Pubblicato il 27 Gennaio 2021 | da Valerio Caprara
0Nuove Serie: Lupin e Fran Lebowitz
Uno degli effetti, ovviamente minori, della devastante era del Covid-19 è quello della nostalgia che si prova per la perduta libertà di muoversi nei luoghi che ci sono propizi o abituali. Per lo spettatore cittadino-dipendente, in particolare, è difficile non immalinconirsi guardando opere in cui quest’atto primario della vita sociale non solo non doveva scontare i rigidi divieti odierni, ma anzi veniva usato come elemento cruciale per lo sviluppo della trama. Non a caso risulterebbe arduo appassionarsi sia a una serie ambiziosa e spettacolare come “Lupin”, sia a una sofisticata performance documentaristica come “Fran Lebowitz – Una vita a New York” senza fare i conti con le strane sensazioni che rendono così distante il passato recente.

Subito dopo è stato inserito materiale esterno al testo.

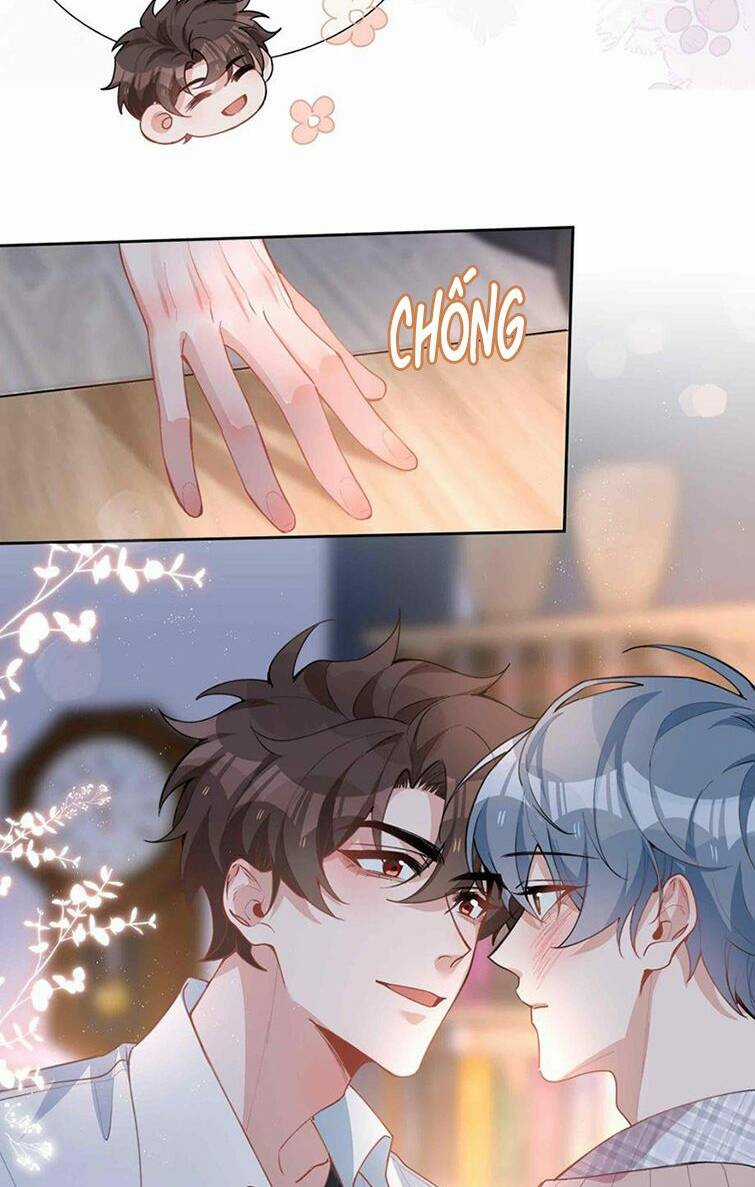 Sơn Hải Cao Trung Chapter 64 trang 8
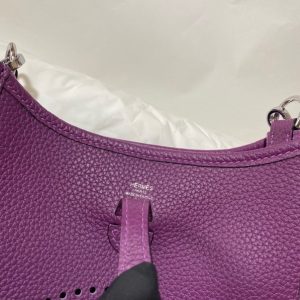 Hermes Evelyne Mini-17*18CM - Image 2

I cinque episodi di “Lupin” finora messi in onda su Netflix (la prima stagione ne prevede dieci), per esempio, tentano di recuperare lo spirito dell’Arsène ladro gentiluomo dei romanzi di Leblanc puntando forte sull’incarnazione di Omar Sy nell’iconico personaggio, un montaggio ipercinetico avanti e indietro nel tempo e, appunto, gli sfondi rutilanti e svarianti della Parigi contemporanea. Se c’è una ragione del boom della serie originale francese, balzata al secondo posto di sempre della classifica dei prodotti della piattaforma nonché la prima a inserirsi nella top dieci americana, non è, in effetti, quella della fedeltà ai prototipi, a cominciare dai fumetti di Monkey Punch e il lungometraggio del grande Miyazaki, bensì l’accorta fusione delle componenti classiche con uno spirito moderno, spregiudicato, survoltato e non di rado ammiccante allo stile di James Bond. Il divertimento procurato è innegabile soprattutto perché il sempre più corpulento senegalese classe 1978 di “Quasi amici” nella duplice identità del finto poverocristo Assane e dell’autentico ladro trasformista sprizza simpatia da ogni lato dello schermo che ormai fa fatica a contenerlo, un po’ facendo il verso a un Eddie Murphy trapiantato nell’esagono, un po’ fondendo situazioni realistiche passate al vaglio del politicamente corretto (un magnate malvagio e mafioso, un padre diffamato e spinto al suicidio, gli immigrati sfruttati ecc.) con guizzi di bonaria magia. Il rovesciamento operato dal creatore della serie George Kay –col protagonista che mette a segno i colpi ispirandosi proprio ai gialli vintage di Leblanc- alla fine regge grazie alla praticità di un terzetto di registi più interessati a portare a casa il risultato che a conseguire la patente di maestri.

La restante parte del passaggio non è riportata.